[Opening Dataset records section]

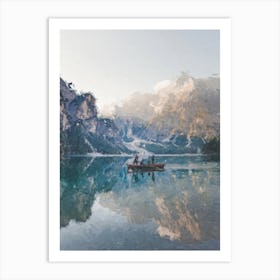 Three People In A Boat In An Icy Lake Oil Painting Landscape Art Print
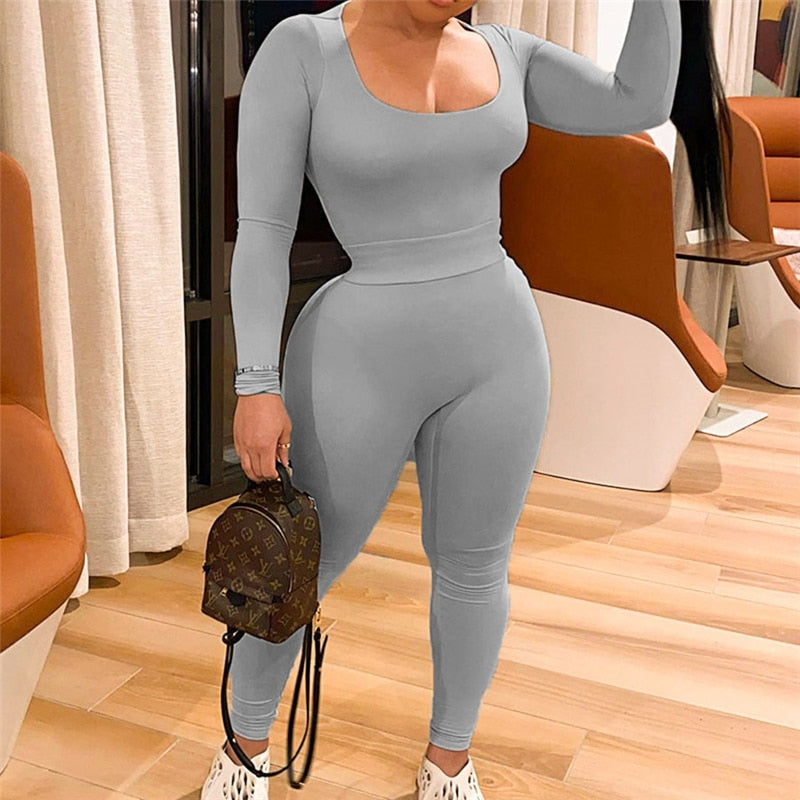 Solid Sportive Bodysuit Set Gray
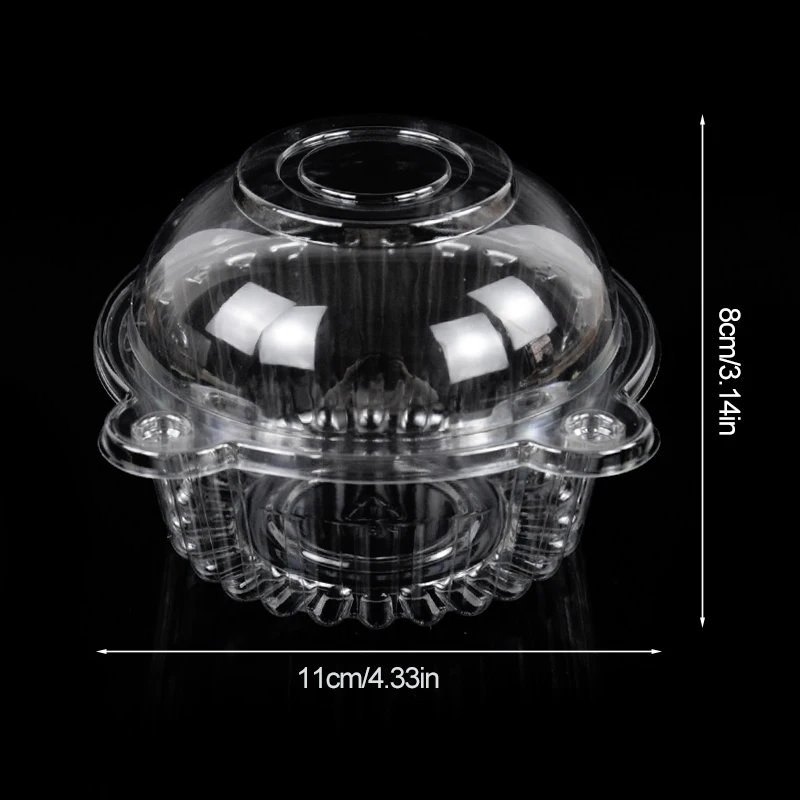 100pcs Clear Cupcake Boxes with Lids, Dessert and Cake Slice Holders, Muffin and Bakery Packaging, Mini Transparent Gift Boxes for Weddings, Birthdays, Baby Showers, and Party Supplies 3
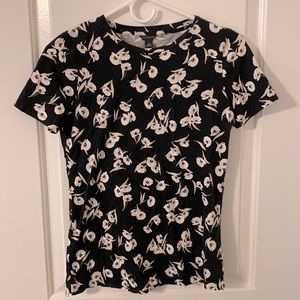 Ann Taylor B&W Floral Shirt size xs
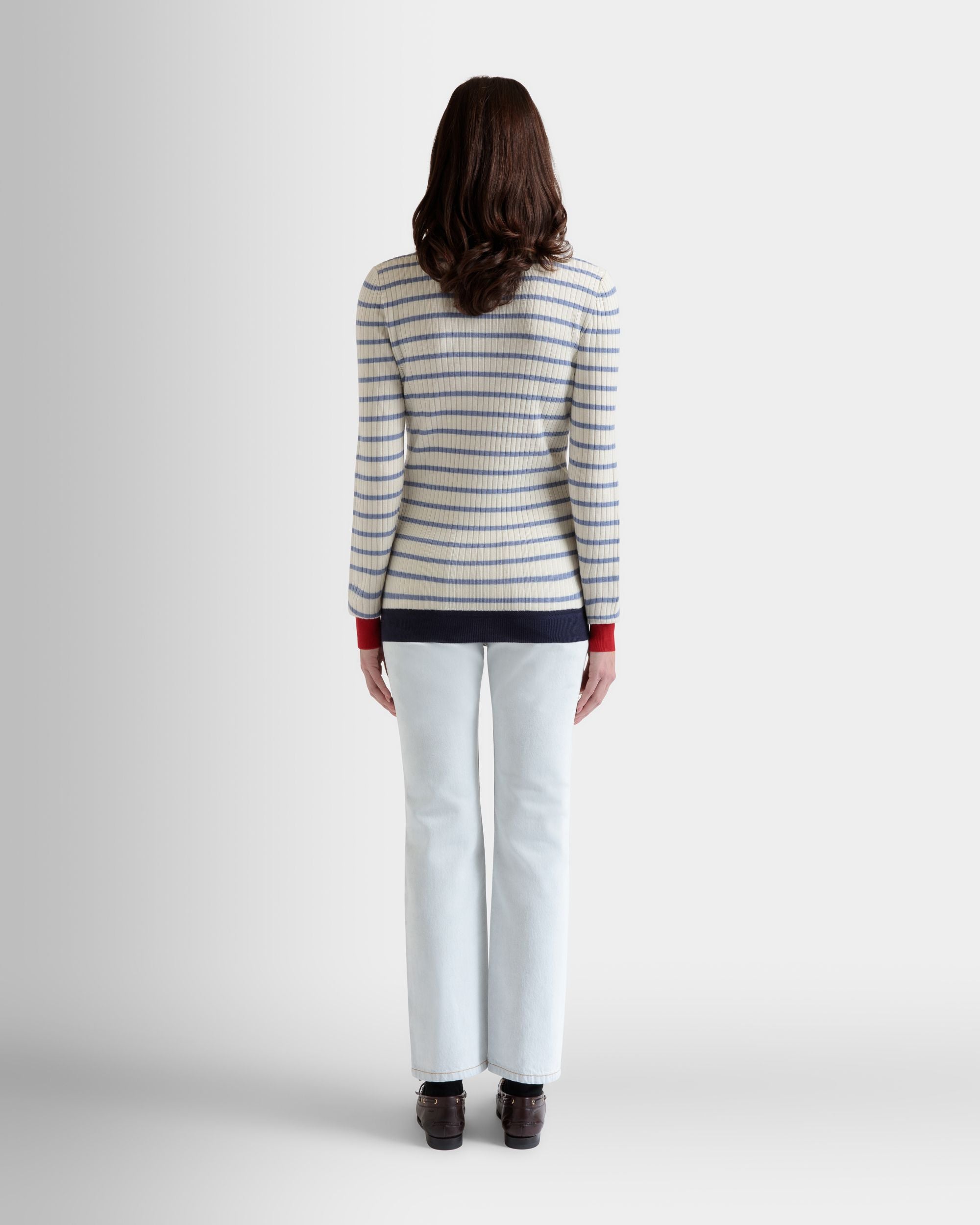 Top A Maniche Lunghe In Misto Lana Avorio E Light Blue - Donna - Bally - 06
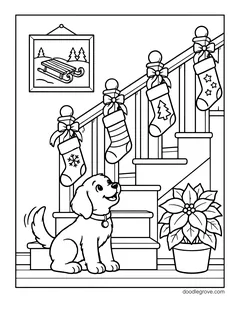 Stockings with bows hanging along a staircase banister, with a puppy sitting below, a poinsettia and a picture of a sled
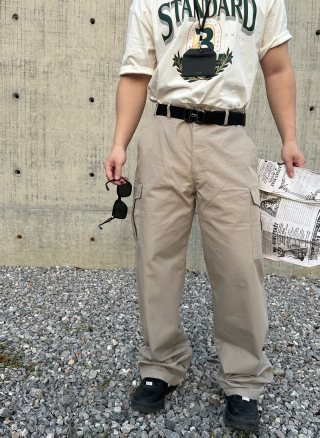 Beige Cargo Pants with Multiple Pockets & Belt view 3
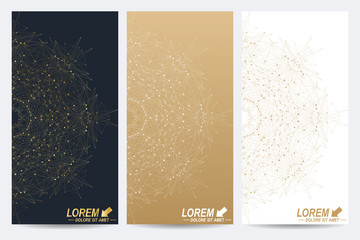 Modern set of vector flyers. Molecule and communication background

[Closing Dataset records section]

**What you have to do:** Go to the line containing "Stockings with bows", then write out word for word every line from there to the end of the listing. Keep both end lines and drop the pictures.

**Reply to the exercise:**
 Stockings with bows hanging along a staircase banister, with a puppy sitting below, a poinsettia and a picture of a sled
 Beige Cargo Pants with Multiple Pockets & Belt view 3
 Modern set of vector flyers. Molecule and communication background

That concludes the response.